As an aside, a study from Finland published a couple of years ago showed that middle-aged and older Finns who eat more full-fat dairy are less likely to be depressed. Since the Finns are supposedly the happiest lot on the planet, maybe it’s because of all the full-fat dairy. Just joking.

Over at the Heart Foundation, they’re having an each-way bet. They acknowledge that full-fat dairy doesn’t seem to be heart disease material after all, but recommend that if you have risk factors for heart disease, stick to reduced-fat products.
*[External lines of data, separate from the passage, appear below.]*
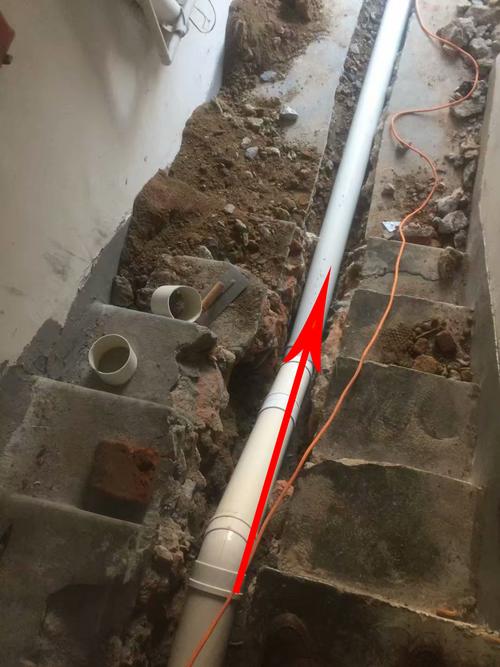 再也不买二楼了,我家卫生间天天堵住,原来楼下装修时改成了独立下水!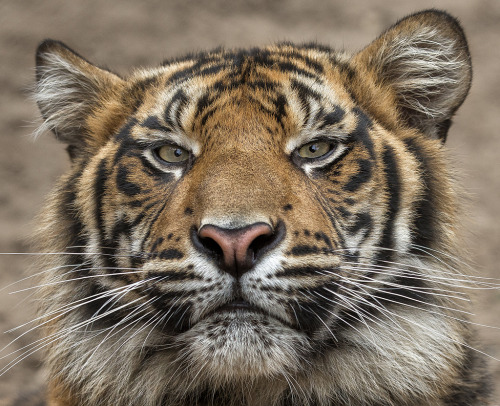 XXX Bendhur   llbwwb:  Tiger (by San Diego Zoo photo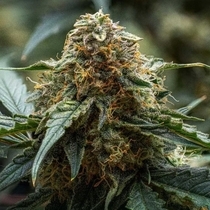 Americhem Dream Autoflowering (Night Owl Seeds) Cannabis Seeds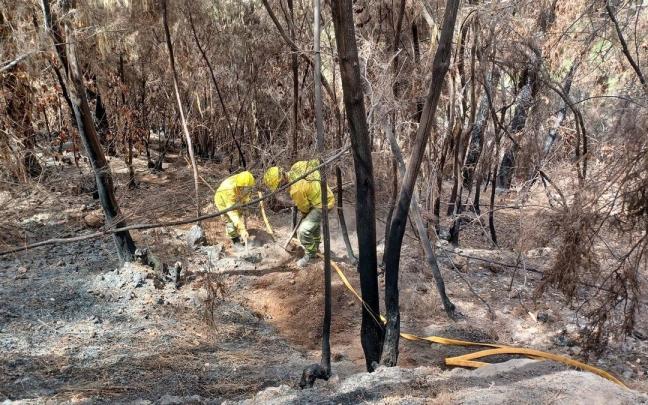 Brigadas Forestales del Cabildo de Tenerife intervienen en las labores de extinción del incendio declarado el pasado agosto en la isla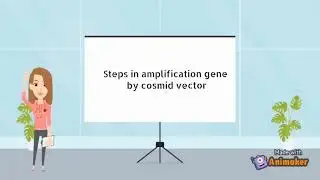 Cosmid Vector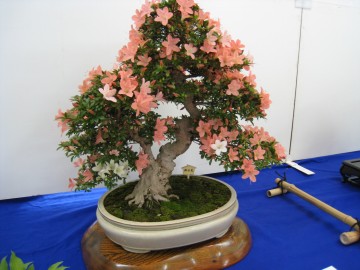 V@܂ɈႤԐF̂ƂANZgI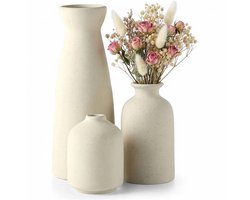 Lemlit Keramische Vazen Set 3 Stuks - Kleine Bloemenvaasjes voor Pampasgras en Gedroogde Bloemen - Decoratieve Vazen voor Plank Tafel Boekenkast en Hal - Naturel
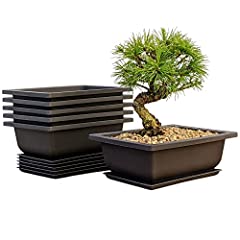 Mollyfox vaso bonsai usato  Spedito ovunque in Italia 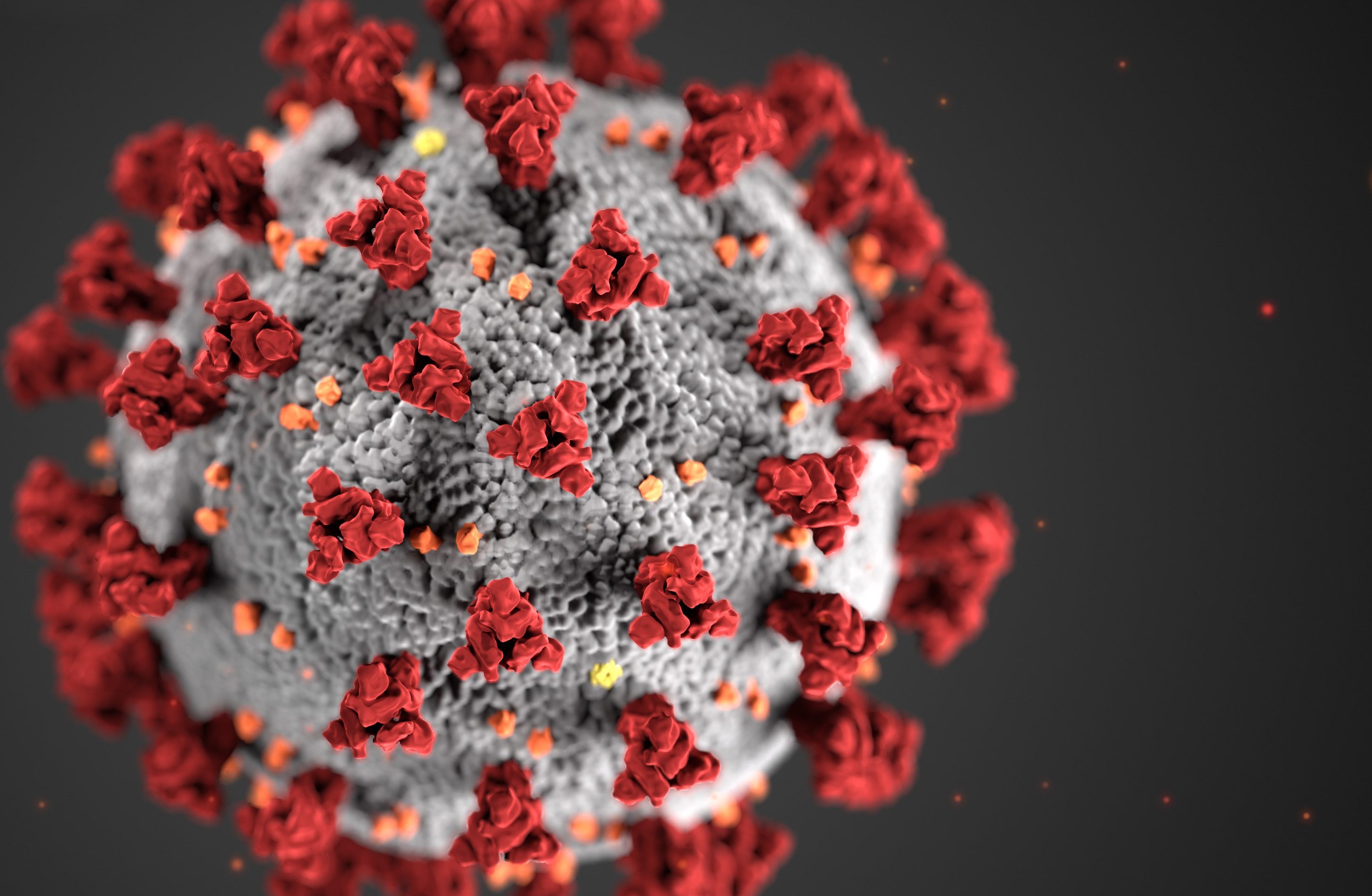 Wirusy. Jak zabić coś, co wymyka się definicji organizmu żywego?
For all the positive dairy vibes showing up in studies, there are a couple of riders worth adding.

One is that there’s good quality dairy and rubbish dairy out there. There’s nothing healthy about commercial ice cream, condensed milk, flavoured and sweetened yoghurts and the like. So look for quality.

And two, dairy’s not for everyone, and that’s OK.

If lactose is your concern though, do your homework, because there are plenty of products that are low in lactose.

If you do decide to exclude some or all dairy, make the most informed decision that you can. While it’s popular at the moment to switch to plant-based milks and other dairy substitutes, remember that at the very least dairy is a good source of protein and calcium, and a lot of older women fall short on those.

So be sure you’re getting them from other sources.